▶ [What you have to do]: Give back the exact lines of the material below from the one containing "SEPTANIL DESODORISANT DESINFECTANT" through the one containing "MS41 Bags 30*17*21cm handbag bag", and no pictures.

▶ [Material provided]:

:::

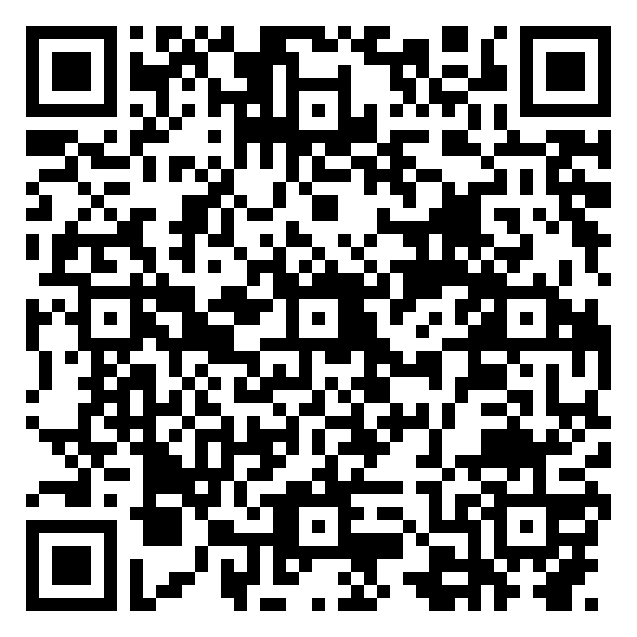 kod QR z danymi kontaktowymi 36077359400000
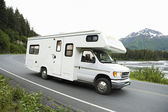 RV picture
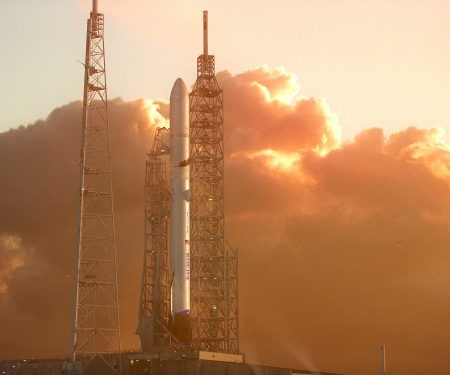blueorigin_newglenn_launch_web
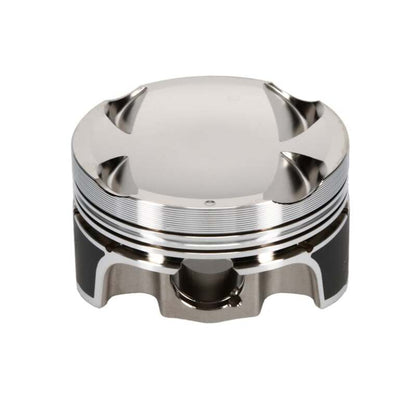 Wiseco Mitsubishi 4G63 87.00 mm Bore 28.70 mm CH -12.00 CC Piston Set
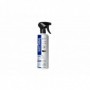SEPTANIL DESODORISANT DESINFECTANT ANTISEPTIQUE ICEBERG 500ML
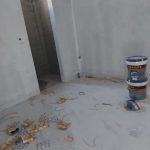  42m2 - 1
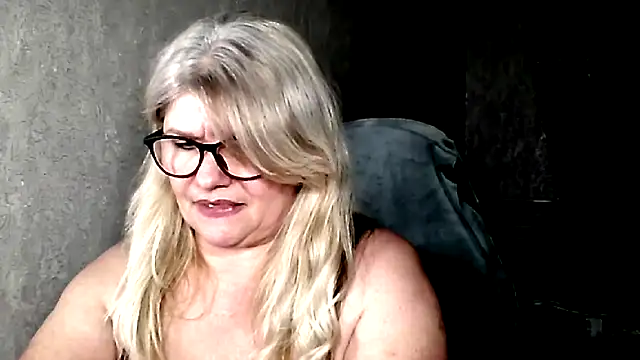 Diana 49 online show from 03/05/26, 08:49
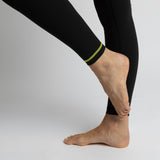 Activewear Leggings black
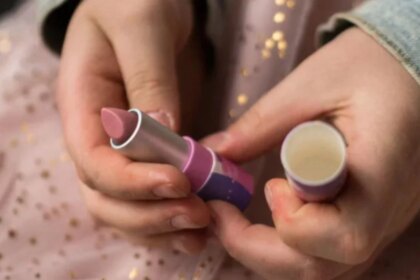 anmat-prohibio-cosmeticos-infantiles-importados-por-falta-de-autorizacion-sanitaria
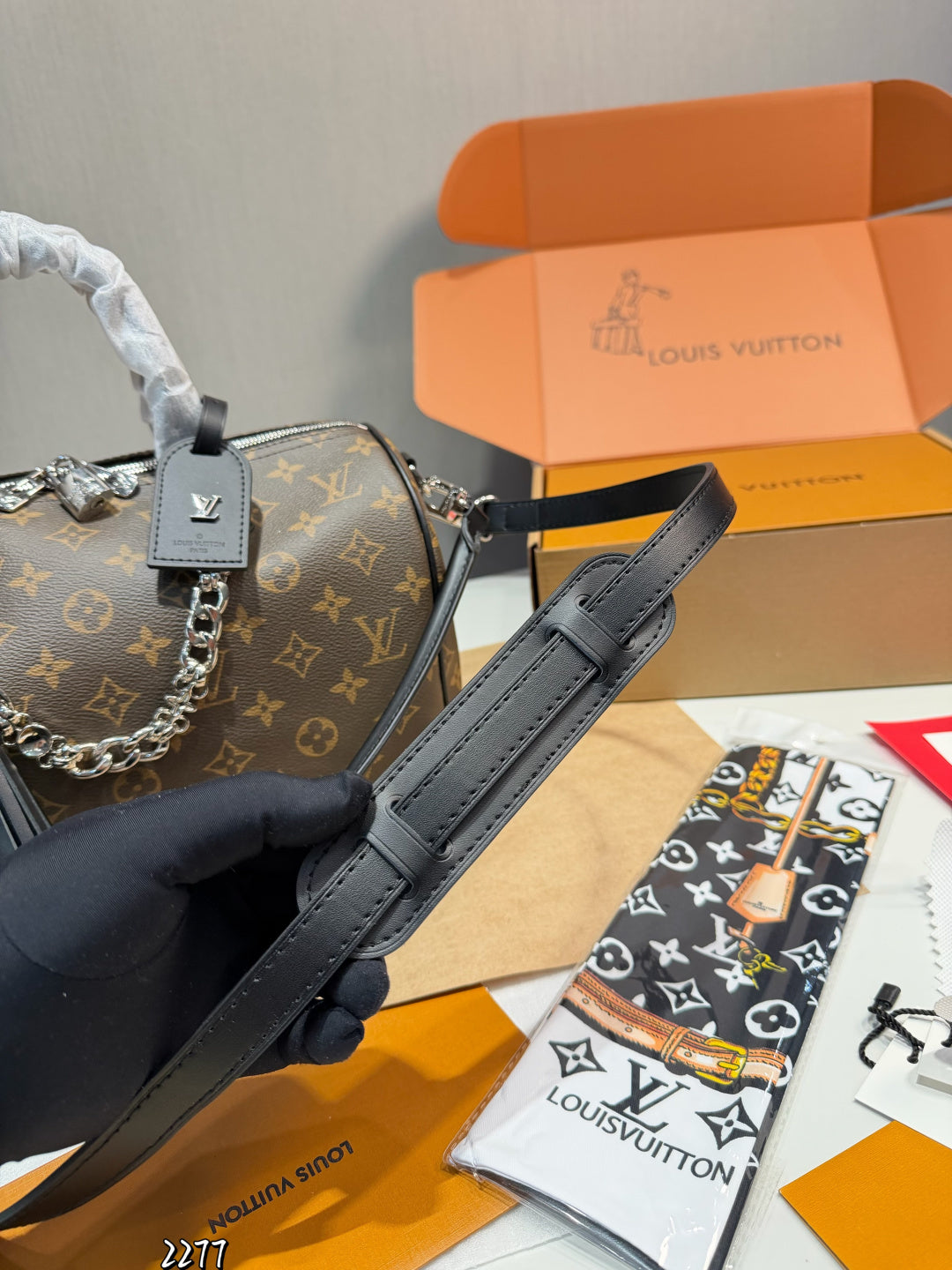 MS41 Bags 30*17*21cm handbag bag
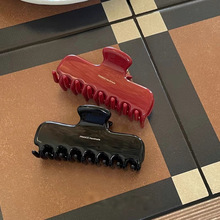 �n���¿�߼���ץ�A��ĸ�l�A�Ƽtɫ���X�װ����l���~�A�l�Ů�^�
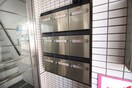 外観写真 武田ビル
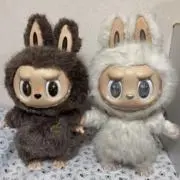 ママりん♡の画像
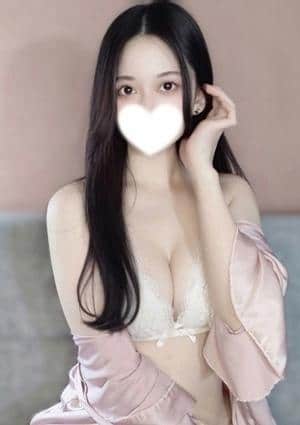 Siruvpr（シルブプレ）所沢ルーム あゆ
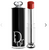 MAYOREO Dior Addict Refillable Shine Lipstick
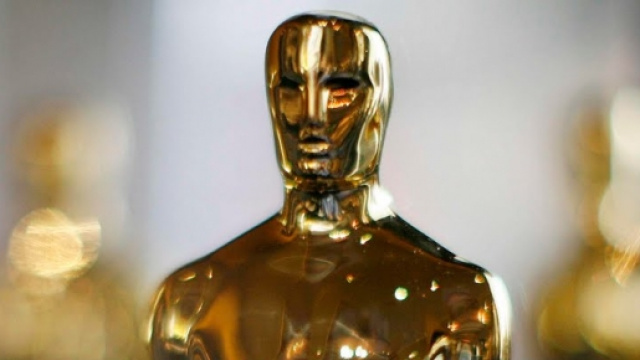 Oscar 2016: questo fine settimana la cerimonia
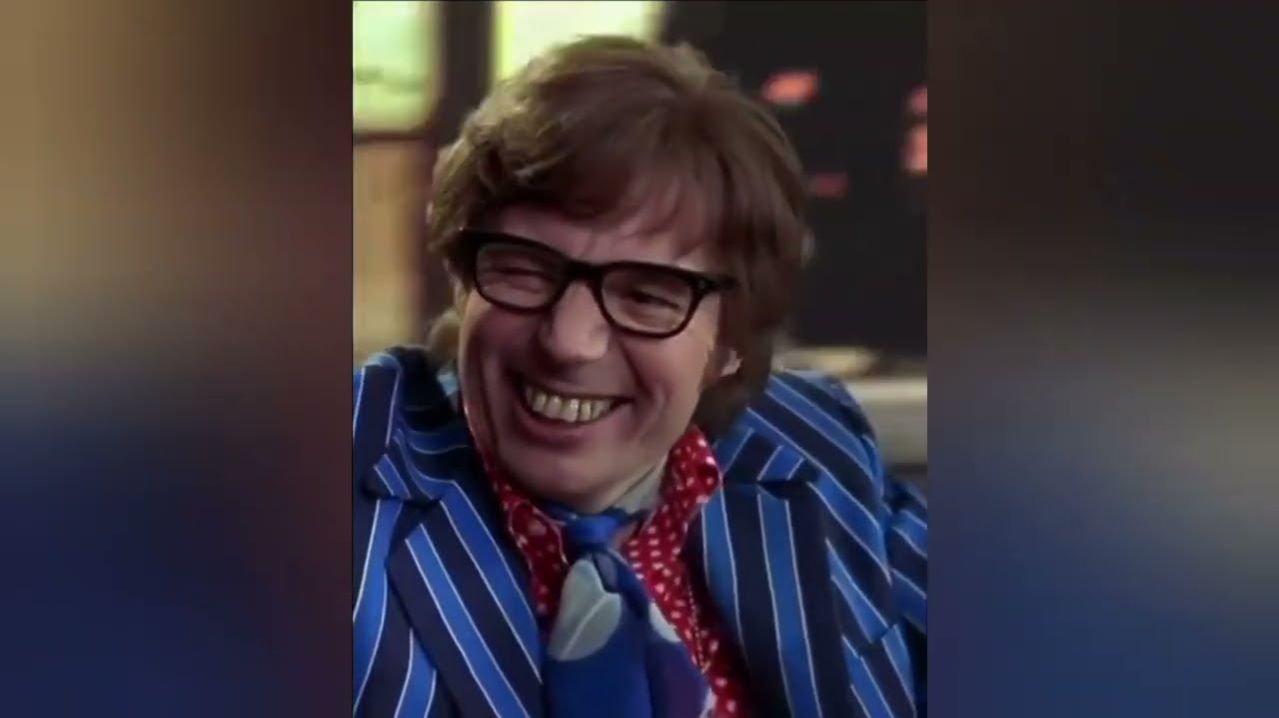 #смешныевидео -1325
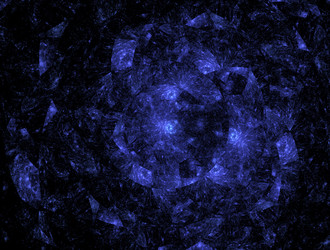 Similar image 21791894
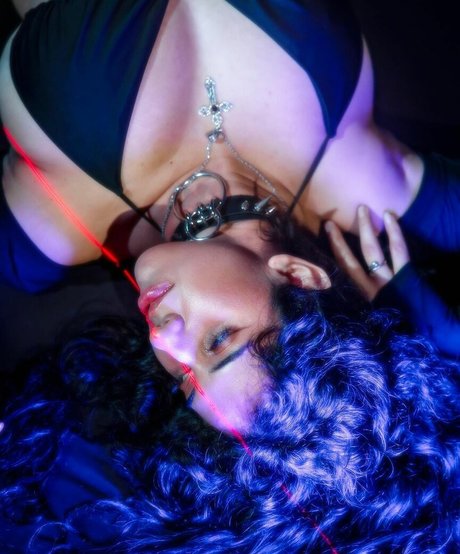 Sailorreya naked only fans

:::

▶ [Problem solution]:
SEPTANIL DESODORISANT DESINFECTANT ANTISEPTIQUE ICEBERG 500ML
  42m2 - 1
 Diana 49 online show from 03/05/26, 08:49
 Activewear Leggings black
 anmat-prohibio-cosmeticos-infantiles-importados-por-falta-de-autorizacion-sanitaria
 MS41 Bags 30*17*21cm handbag bag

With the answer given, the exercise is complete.